An Event would be generated a node or the Trustgrid cloud based on a change in status. (e.g. a node disconnects)
If the Event matched the conditions of a configured Filter then an Alert would be generated and sent to the configured notification integrations (e.g. email, PagerDuty, OpsGenie, Slack or Teams)
The new system introduces a few new terms. It operates like this:
An Event would be generated based on a change in status. This is the same as before.
The Event will now generate an Alert.
The Alert is compared to the conditions defined within an Alarm.
Matching Alarms will send the details to any selected Channel.
The Channel will then push the information through the configured notification integrations. (e.g. email, PagerDuty, OpsGenie, Slack or Teams)
As part of the release deployment, Trustgrid will convert all existing Filters to Alarms and Channels automatically. No action is required to maintain the current behavior.
The new system introduces the idea of alerts being resolved. While an alert is in the unresolved state any repeat of that event will not generate a new alert.
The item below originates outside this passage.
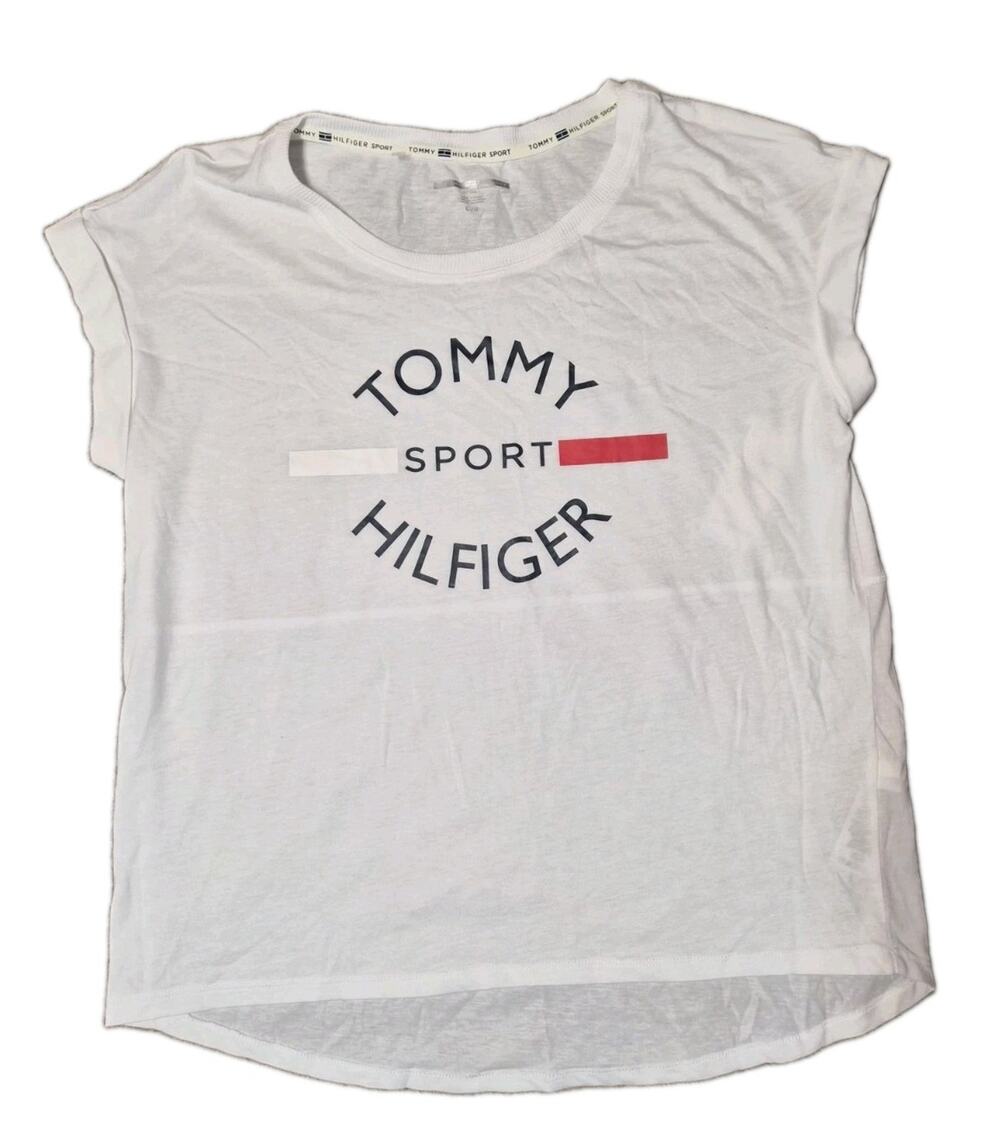 Tommy Hilfiger Womens Casual Tee Shirt Loose Fit Sport White Logo size Large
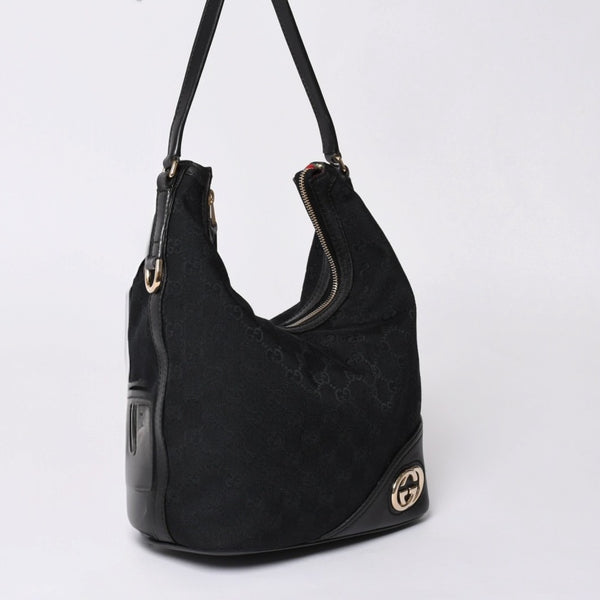 GUCCI Gucci GG Canvas Black Color Shoulder Bag 182491 Gold Hardware Sherry Line Good Condition Used 4a001649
This should reduce the noise of repetitive alerts.
There are three ways to resolve alerts:
Manually in the portal.
This can be done for all Alerts across the organization via the Alarms > Events page.
Or, to resolve alerts for a specific node you can click the Info panel at the top right.
Alerts will resolve themselves after 24 hours
Alerts may resolve if a corresponding event indicates the status has changed. An example would be the node connectivity events.
When a node disconnects it would generate an alarm. If you have a system such as PagerDuty configured this would create an incident within that system.
When the node reconnects the alarm would be resolved within the Trustgrid system. In the PagerDuty system the incident would automatically be resolved.
The Alarm configuration is very similar to the previous Filter configuration but has been enhanced to allow for greater flexibility.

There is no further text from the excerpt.